The three computer companies were essentially neck-and-neck in the following measurements:
- hold time;
- agent's politeness and professionalism; and
- the ability to have the caller speak with a live agent.
Apple pulled ahead, however, with a higher percentage of its customers reporting that their problems were resolved during the calls, leading to fewer repetitive or irrelevant steps.
[Editors' Note: Vocal Laboratories' press release can be found here; the release includes one chart depicting the results.]
According to Emily Selene de Rotstein, Vocalabs' vice president of sales and marketing, participants typically find out about a survey opportunity while they're searching for technology support from their vendors. Between May 2008 and May 2009, approximately 4,000 of the customers browsing the online tech-support pages of Apple, Dell, or HP were presented with and called a user-specific toll-free number for additional help with a product-related technical issue. Using that number as an identifier, Vocalabs was able to track the progress of:
- all 4,000 incoming service calls;
- its own 4,000 outbound calls to request participation in the survey; and
- the responses of the approximately 1,150 customers who eventually particpated.

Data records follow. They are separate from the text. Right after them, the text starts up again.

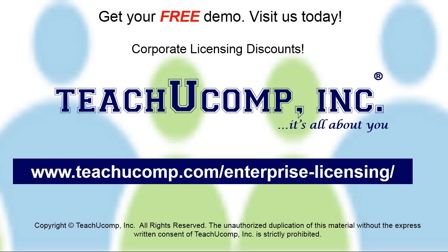Need computer training for a group or office? Contact us today to get a free demo of our training at www.teachucomp.com/enterprise-licensing.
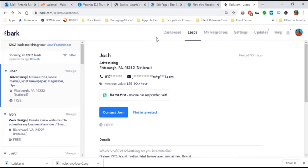And then you can text the client. You can say, hey, this is Antonio. I saw that you put out a proposal on Bark.com. I just want to let you know that I'm calling you on phone number, such and such. And when that client sees and they connect the dots, then they'll say, oh, now I see this is the person that's contacting me.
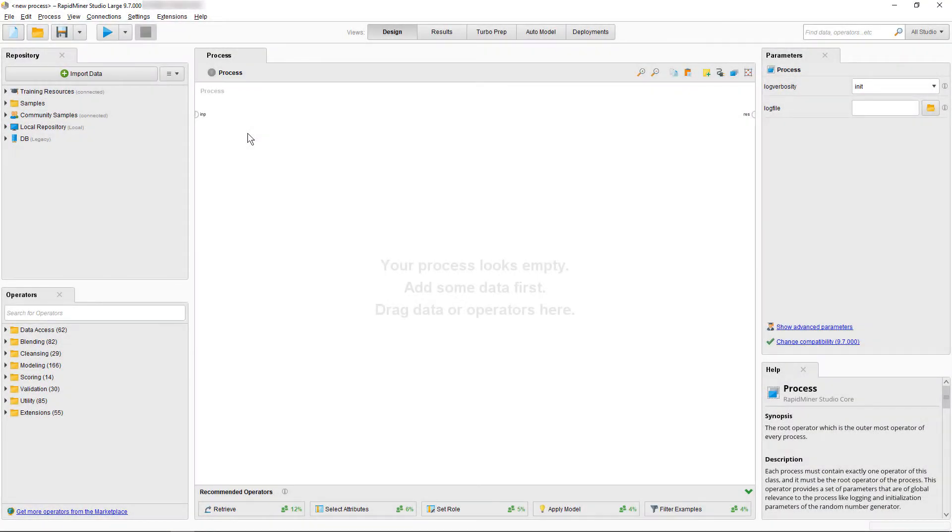Hi and welcome! In this tutorial video we're going to show you how to import data into RapidMiner Studio's data repository.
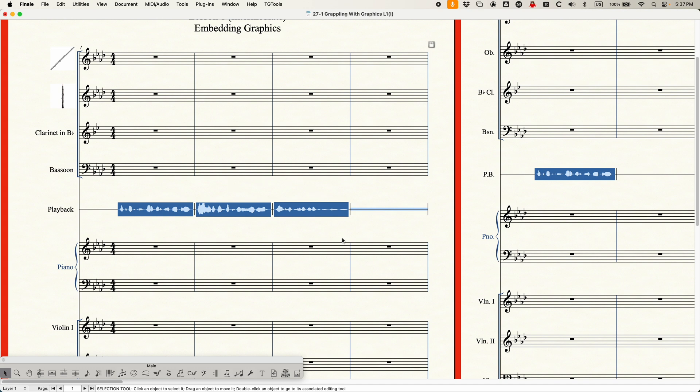Just in case you're wondering — everything you've seen me do with these graphics, that's it. You cannot do anything else. You cannot crop graphics. You cannot rotate graphics. You cannot recolor graphics. Literally, you can only resize them by stretching with those six handles. That is the extent of graphic editing within Finale.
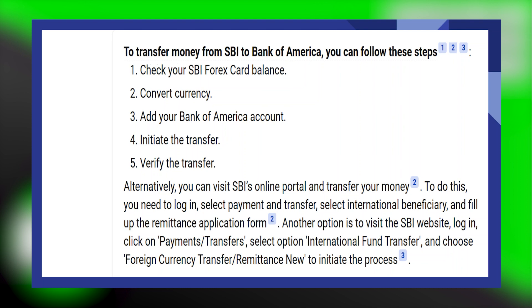First, check your SBI Forex Card balance. Then convert the currency in which you want to transfer. After that, add your Bank of America account.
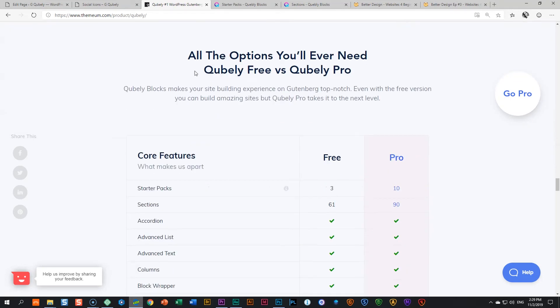All the options you'll ever need. Qubely Free versus Qubely Pro. And what's going to happen in upcoming weeks is that we will look at all of these different. What do we call them now? Widgets? Blocks? What do they call it? Features? All of these various building blocks or widgets.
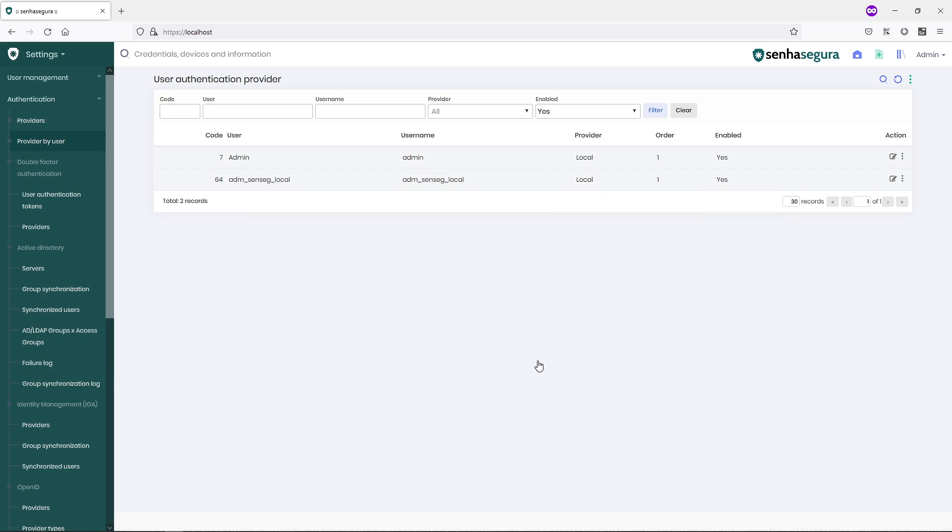It is important to create a new Local Administrator account because in the moment your default authentication provider used by the application SenhaSegura is unavailable, you can use this new administrator to perform the access and change settings needed to grant access again to the application.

Not surprisingly, 85 percent of customers who enjoyed first-call resolution reported being "very satisfied"; only 11 percent of those who did not have their issue resolved said the same. It's no surprise that a customer can be extremely satisfied with a call even if her issue isn't resolved, according to Peter Leppik, Vocalabs' founder and chief executive officer. For instance, he says, if the agent conveys that the problem resides not in the product itself, but in an external circumstance (a third-party supplier, perhaps) -- and the consumer agrees -- then the issue has less of an impact on the company. "Satisfaction is a composite thing in the customer's mind," Leppik says.
Ninety-one percent of respondents who were "very satisfied" with their initial service calls reported an intent to repurchase, compared to 34 percent of those who were dissatisfied. Moreover, 81 percent of customers who were very satisfied with the initial calls reported overall satisfaction with the company itself, versus 10 percent of those who were dissatisfied. "The impact that this one call -- this tech-support call -- has on customer opinions about the company is profound," Leppik says. "[Companies] need to make sure they're handling these calls properly. If they're not, they're ignoring generous opportunities.... If they are, they're building a reputation that will serve them for the long term."
Vocalabs identified several factors during the initial service calls that significantly contributed to customer satisfaction with the company, including:
- an interactive voice response system that was error-free;
- an absence of irrelevant steps;
- a wait time that was not unreasonable;
- the ability to reach a live person;
- the ease of reaching a live person;
- professionalism of the live agent;
- the ability to escalate if needed; and
- achieving a resolution to the problem itself.
Of the three companies in this first study, Apple led the way in terms of percentage of customers who said they were "very satisfied" with the initial service call:
- Apple....58 percent;
- Dell......46 percent; and
- HP........43 percent.
If Apple's success is a result of having been better able to resolve customer problems, Leppik says it's difficult to pinpoint a single explanation. The company's success, he says, could be attributed to a number of possibilities: it might be better training or better policies, or it could even be that the company primarily deals with its own product, which is easier to support.
Leppik emphasizes that this study is not a projection of a company's overall ability to satisfy customers -- participants, after all, were drawn only from the pool of customers who called for technical support. Even if taken in the narrow context of how companies are handling their customer support calls, however, the big-picture application of these findings, Leppik says, is to "expand the state of what makes a good customer experience."